Unveiling and Consulting Core Experts in Retrieval-Augmented MoE-based LLMs
This work addresses the underexplored internal mechanisms in LLMs for RAG systems, offering incremental improvements for knowledge-intensive AI tasks.
The paper tackled the problem of understanding internal mechanisms in Mixture-of-Expert-based LLMs that affect Retrieval-Augmented Generation (RAG) performance, and demonstrated that identifying and consulting core expert groups can improve RAG efficiency and effectiveness across various datasets and models.
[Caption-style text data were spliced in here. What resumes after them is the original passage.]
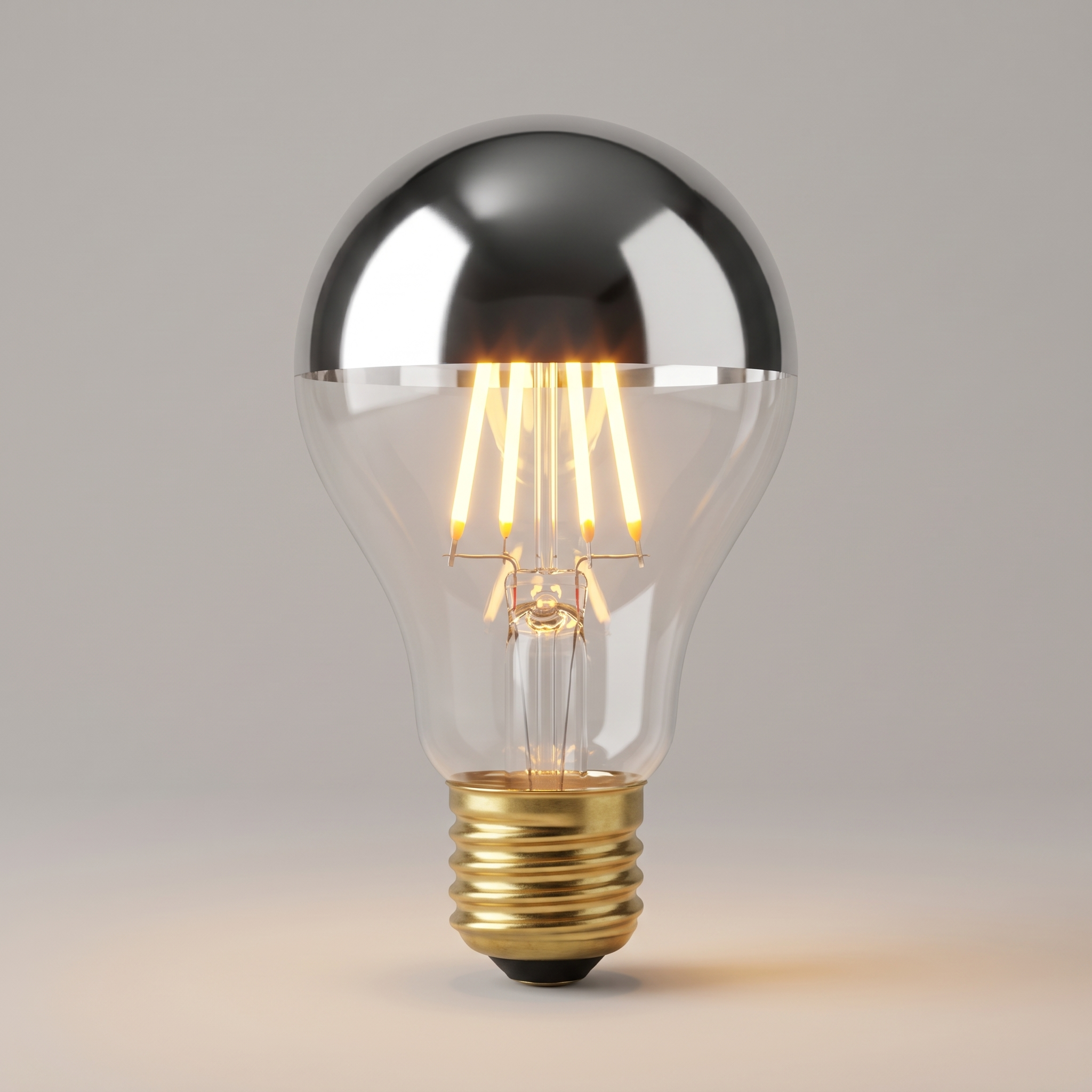 Foco Led Clásico Mitad Cromo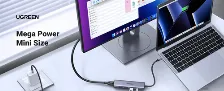 Docking Station Ugreen, 6 Puertos, Interfaz Usb-c, 3x Usb-a, 1x Hdmi, 1x Microsd, 1x Sd, 5000 Mbit/s, Plata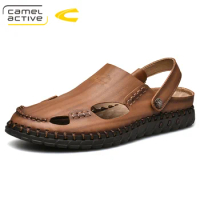 Camel Active 2019 New Summer Men's Sandals Casual Beach Genuine Leather Sandals Men Wrapped Toe Non-slip Men Shoes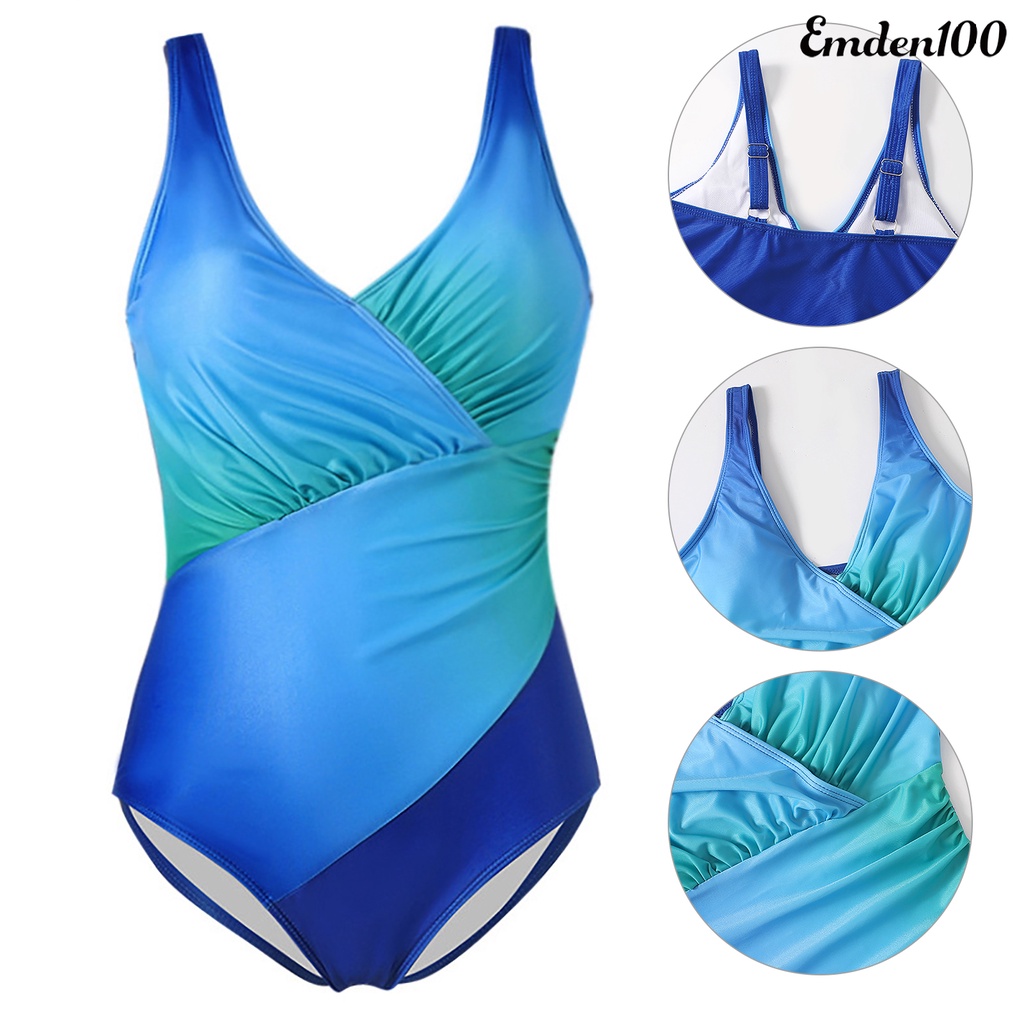 Bộ Đồ Bơi Một Mảnh Màu Sắc Gradient Có Size Lớn Dành Cho Nữ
Retrieval-Augmented Generation (RAG) significantly improved the ability of Large Language Models (LLMs) to solve knowledge-intensive tasks. While existing research seeks to enhance RAG performance by retrieving higher-quality documents or designing RAG-specific LLMs, the internal mechanisms within LLMs that contribute to the effectiveness of RAG systems remain underexplored. In this paper, we aim to investigate these internal mechanisms within the popular Mixture-of-Expert (MoE)-based LLMs and demonstrate how to improve RAG by examining expert activations in these LLMs. Our controlled experiments reveal that several core groups of experts are primarily responsible for RAG-related behaviors. The activation of these core experts can signify the model's inclination towards external/internal knowledge and adjust its behavior. For instance, we identify core experts that can (1) indicate the sufficiency of the model's internal knowledge, (2) assess the quality of retrieved documents, and (3) enhance the model's ability to utilize context. Based on these findings, we propose several strategies to enhance RAG's efficiency and effectiveness through expert activation. Experimental results across various datasets and MoE-based LLMs show the effectiveness of our method.